We manage it with browsers though.
Don't get me wrong, I've never liked html in emails to begin with. It's the same issue that markdown and every other rich text system has regarding where to draw the line. HN even strips most emojis (and I think that's a good thing).
“We manage it”
Vapid statement.
When emojis are stripped on one website, users of that website understand it’s a product limitation.
When links work on one email client but not another, that’s a huge issue for the email sender and a lot of headache to learn/study the differences between email clients and the stack they are built on.
The difference between HTML and CSS properties supported on different email clients is WILD.[1] the rendering differences are significant, as are the man hours required to get emails to mostly look predictable on the breadth of email clients in use today.

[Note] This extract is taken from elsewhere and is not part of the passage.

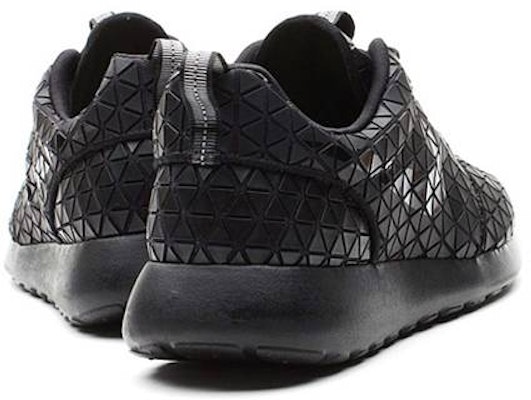 Nike Roshe Run Metric 黑色 (GS) Purchase Nike Roshe Run Metric 黑色 (GS)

And remember that every time there is a browser engine (or even just a fork) people have to maintain it. They need to develop features, squash bugs, patch security issues, pull from upstream, coordinate with downstream forks, etc. webmail providers are SaaS but have to have intricate and accurate understanding of every browser parse / rendering bug/permutation and a deep understanding of all of the legit HTML/CSS/JavaScript/DOM/XML/images/URLs (including weird ones like data: blobs) supported by every browser.
“we manage it” is doing an insane amount of hiding the complexity there.
[1] https://templates.mailchimp.com/resources/email-client-css-s...
I never claimed email clients were uniform (that would obviously be incorrect). I responded to "too much security surface area" with "browsers seem to manage it". The security is clearly a solvable problem because we all use the solution every day.
In your analogy, different email clients equate to different products (ie websites). I agree that it's a headache for users. My point was that it's not an unsolvable security issue but rather an unsolvable lack of agreement about what should and shouldn't be included in a rich text representation, or if email should even use rich text at all for that matter.